- [What you should do]: Will you output all of the data below exactly, omitting the images?

- [Recorded information]:
════════

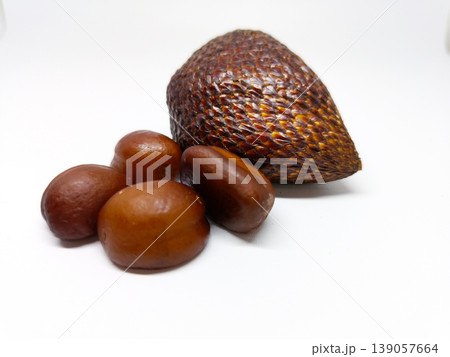 Front view of an empty scaly snake fruit shell and several smooth brown seeds, isolated on a white background. Front view of an empty scaly snake fruit shell and several smooth brown seeds, isolated on a white background. 139057664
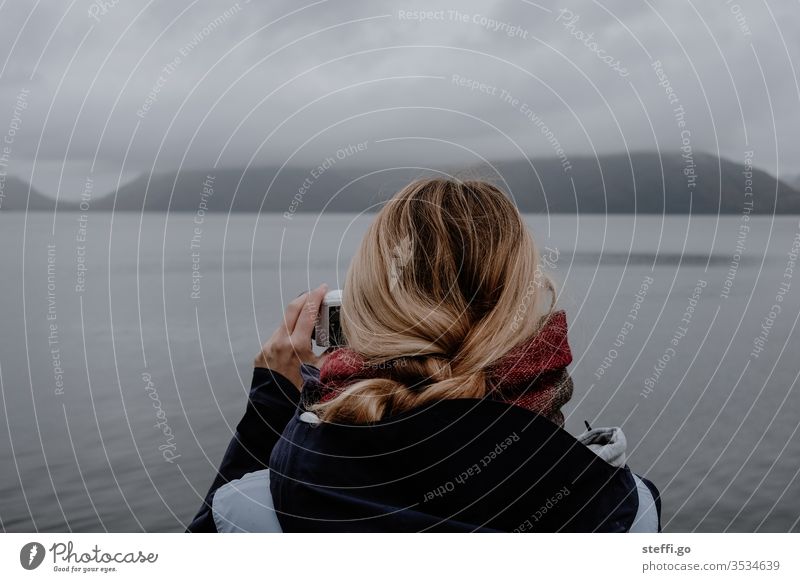 Woman photographs seascape in Scotland with a camera Great Britain Europe Bad weather Fog Lake Loch Ness Nessi Nessie Nature Landscape Clouds Colour photo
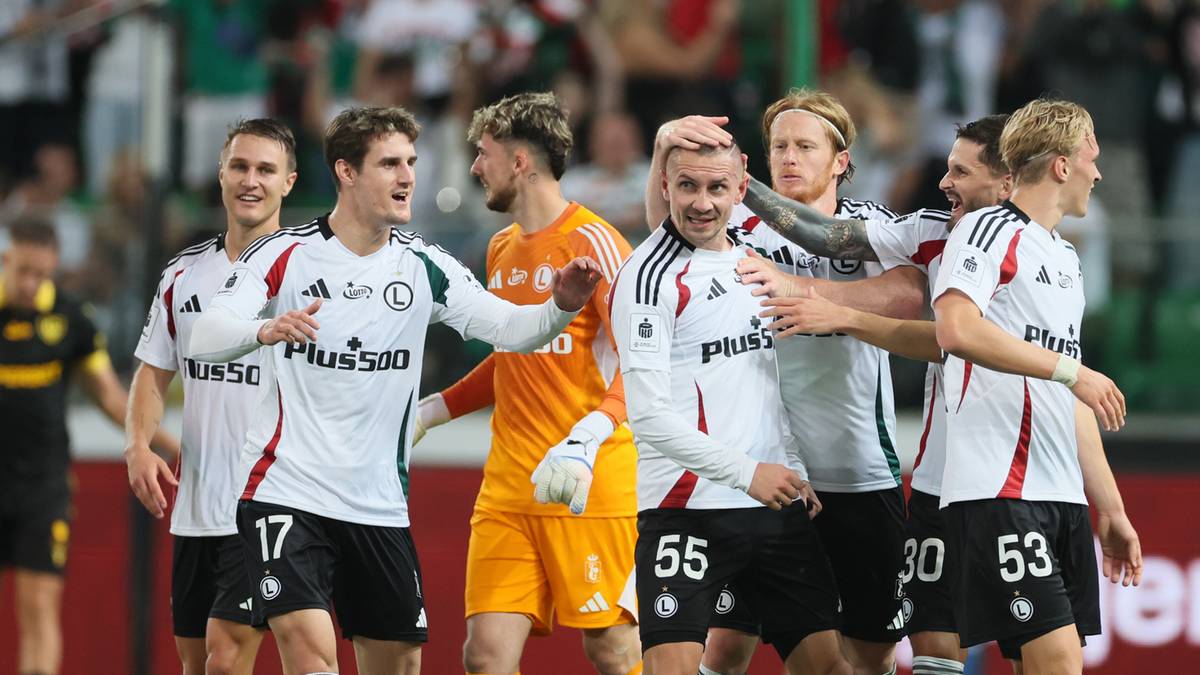 Grupa piłkarzy w białych koszulkach Legii Warszawa świętuje zwycięstwo. Jeden z piłkarzy, z numerem 17, jest w centrum uwagi, otoczony przez kolegów.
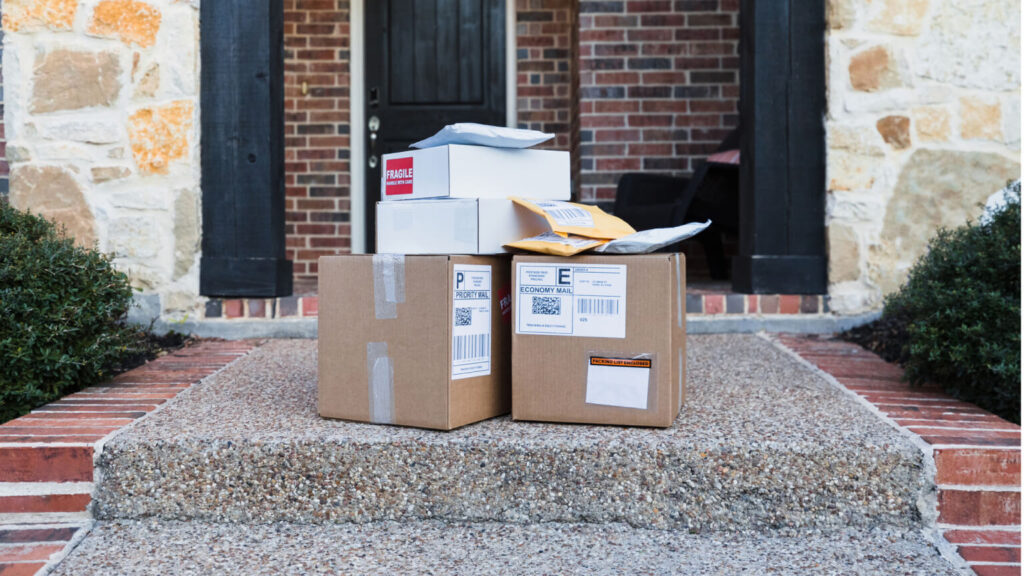 Stack of delivered packages on sidewalk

════════

- [Solution for this exercise]:
 Front view of an empty scaly snake fruit shell and several smooth brown seeds, isolated on a white background. Front view of an empty scaly snake fruit shell and several smooth brown seeds, isolated on a white background. 139057664
 Woman photographs seascape in Scotland with a camera Great Britain Europe Bad weather Fog Lake Loch Ness Nessi Nessie Nature Landscape Clouds Colour photo
 Grupa piłkarzy w białych koszulkach Legii Warszawa świętuje zwycięstwo. Jeden z piłkarzy, z numerem 17, jest w centrum uwagi, otoczony przez kolegów.
 Stack of delivered packages on sidewalk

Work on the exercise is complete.